Williams Jennings Bryan trusted a God who sided with common folk. Bryan made a name for himself in the Progressive Era by fighting the economic elites of his own Democratic Party. His oratorical skills catapulted him all the way to the party's nomination for President in 1896 when he famously harangued the gold standard. "You shall not press down upon the brow of labor this crown of thorns," Bryan thundered, stretching out his arms. "You shall not crucify mankind upon a cross of gold."
Jennings is difficult to categorize: by today's standards, he is neither a liberal nor a conservative. We are no longer debating about the exact relationship between the dollar and an ounce of gold, but in Bryan's era, the gold standard of currency was a divisive question. What is common to both eras is Bryan's sense of the common man. He reacted against any sense of aristocracy or elitism. Although he lost the 1896 election for the presidency, that did not stop him from running again:
Three times Bryan ran for President; three times he failed. Nevertheless, besides Woodrow Wilson and Theodore Roosevelt, Bryan dominated the era of reforms that ran from the 1890s to the 1920s. He championed four constitutional amendments enacted during this period—prohibition, direct election of senators, the income tax, and woman suffrage. Known as the "Great Commoner," Bryan opposed the business interests that he believed had undercut America's working classes. "There can be no good monopoly in private hands until the Almighty sends us angels to preside over the monopoly," he argued.
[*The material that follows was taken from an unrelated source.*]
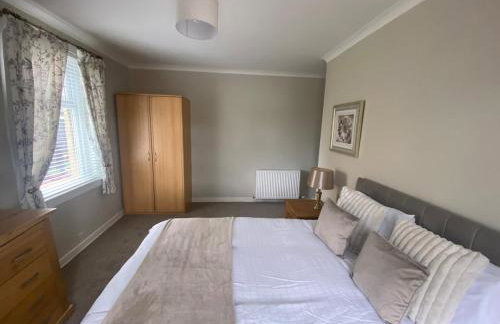 3BR Sleeps 6 Free Parking Near Glasgow City - Foto 13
Bryan's support for these four amendments defines his political stance, and some of the issues of that time period. Although some of his views may be naive - Prohibition was a failure and income tax has caused misery for millions - his intent is unmistakable, and these measures may have even made sense in their time, if not in ours. Aside from his political views, he was also known for his speaking skills, which allowed him to communicate those views to millions:
Traits that won Bryan the masses made him controversial and unpopular among others. A great speaker during an age of oratory, Bryan came across as a loud demagogue to many business and political leaders. He stuck to his principles and resigned his position as secretary of state in Woodrow Wilson's cabinet as America prepared to enter World War I. But Bryan had appeared inept in his efforts to mediate the conflict, and his simple piety did not impress opponents. Yet according to biographer Michael Kazin, "admirers embraced him because he so publicly campaigned in the name of Christian principles and was never known to have transgressed them."
After three runs for the presidency, a term as Secretary of State, and four years as a congressman, Bryan left governmental politics, but stayed involved in social and communal causes. He was bitterly attacked by H.L. Menken and Clarence Darrow, especially when he dared to voice skepticism about Charles Darwin.
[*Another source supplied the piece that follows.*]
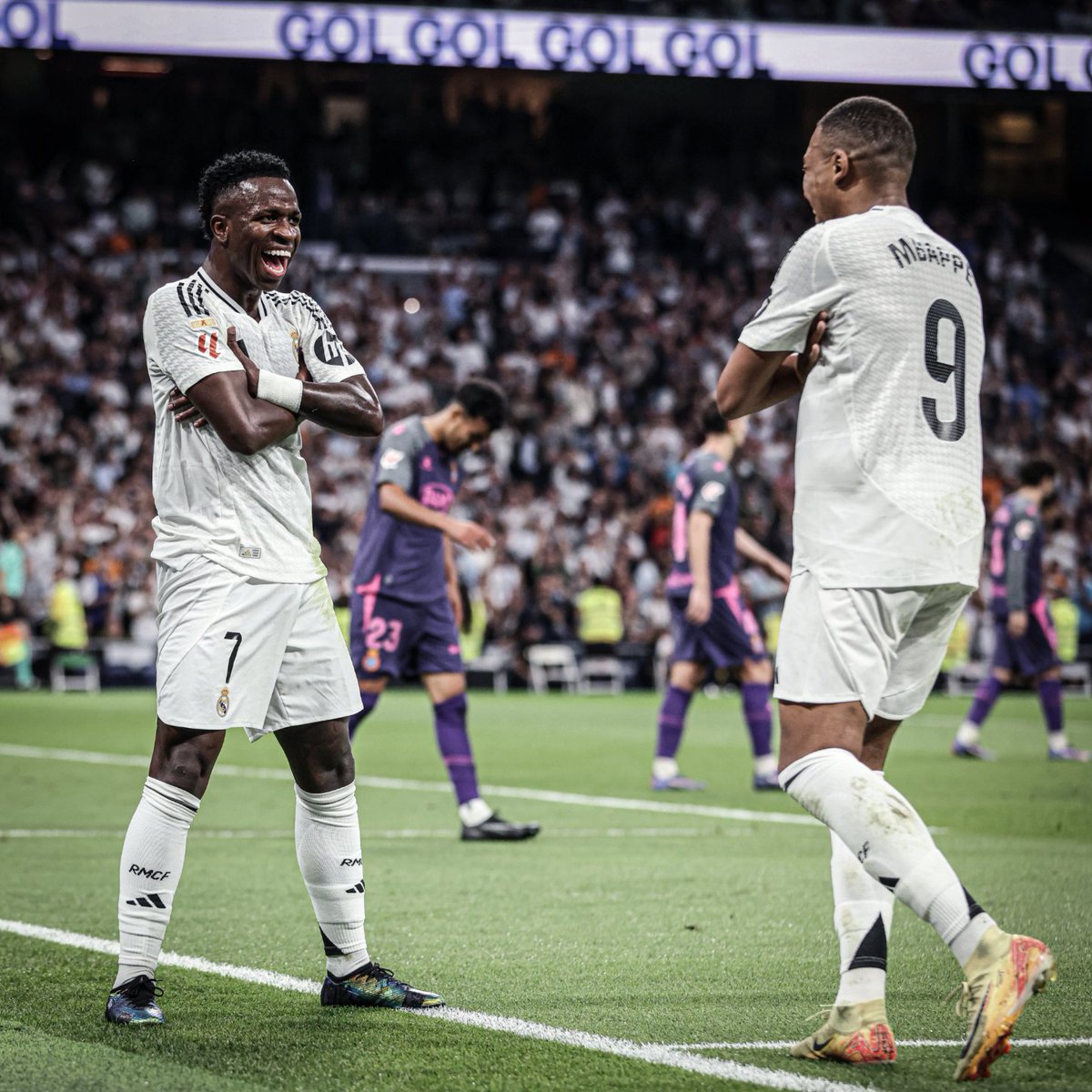 ESPNFC's tweet photo. Vini Jr. and Mbappe 🥶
But Bryan did not entertain any retreat from culture. "Sometimes the Christian has sought to prepare himself for immortality by withdrawing from the world's temptations and from the world's activities," Bryan said. "Now he is beginning to see that he can only follow in the footsteps of the Nazarene when he goes about doing good and renders 'unto the least of these,' his brethren, the service that the Master was anxious to render unto all."
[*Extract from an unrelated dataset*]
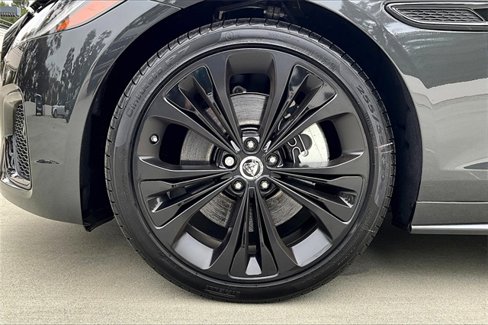 New 2024 Jaguar XF R-Dynamic SE image 12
Bryan's political method was to learn what was on people's minds - which questions occupied the ordinary citizen - and then address them. He was a
politician with principles. William Jennings Bryan's towering personality cast a long and controversial shadow over American politics. Biographer Michael Kazin says Bryan "burned only and always to see religion heal the world."
Despite the anger and hatred directed toward him, he remained peaceful and calm. He didn't use his speeches to stir up rage against those who were attacking him; instead, he simply worked to find ways to improve the lot of the ordinary citizen.